I feel as if I somehow failed you, but the reality is that many people have failed you. Mark 12:30-31 states, “Love the Lord your God with all your heart and with all your soul and with all your mind and with all your strength. The second is this: ‘Love your neighbor as yourself.’ There is no commandment greater than these.” Take a moment to ask yourself, did most of the Christians you’ve ever interacted with seem to love you as they loved themselves? Sadly, I am going to guess not. Please know, this is no fault of yours. Again, many people have failed you, and many individuals of my faith have sinned in the process. It appalls me that even the most religious of people have gotten so caught up in social acceptance and traditions that they somehow lost the Lord’s message of love. It is so abundantly clear that love is what God called us to do above all else, yet I can still see so much hate. To be honest with you, I’m ashamed. I’m ashamed to be affiliated with groups of people who are willing to both ostracize and emotionally torture their own brothers and sisters. I don’t mind if you’re not religiously affiliated, but if you believe in any God, never doubt that He loves you exactly as you are, and just as much as everyone else. Don't let a single person tell you otherwise.

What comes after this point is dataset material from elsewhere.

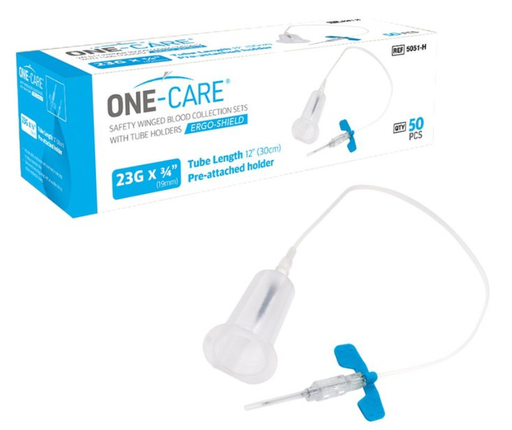 [5051-H] ERGO-SHIELD Safety Blood Collection Winged Sets, 23G x ¾’’, Blue, Pre-attached Holder, 12" Tube, 50/bx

I want to leave you with something that I’m sure you’ve heard before, but I would like you to keep believing in: Corinthians 13:4-7 “Love is patient, love is kind. It does not envy, it does not boast, it is not proud. It does not dishonor others, it is not self-seeking, it is not easily angered, it keeps no record of wrongs. Love does not delight in evil; but rejoices with the truth. It always protects, always trusts, always hopes, always perseveres.” I don’t need to ask you, because I know that there are people who have not come close to demonstrating this love towards you. There are people that have dishonored you, there are people that are angry with you, and there are certainly those who will deny you forgiveness (even when you have nothing to apologize for). Nonetheless, I find it important that you remember to dismiss all those who try and “cure” something as pure as a gay marriage. Love is love. I do not care to condemn homosexuality due to a vague reference written so very long ago. I do not believe that this is a choice, and I do not believe that God makes mistakes. He wants you here, He wants you to love whomever it is that you love, and He most definitely wants you to be happy. I think that we, as Christians, need you; I need you, because I feel lost in my own faith. The perseverance and acceptance that I've seen thus far brings nothing but joy to my heart, and I cannot wait for you to experience all of the wonderful things that marriage promises us. Today is certainly a Sunday to celebrate, because in the eyes of the Lord, and finally the eyes of the law, we are all equal.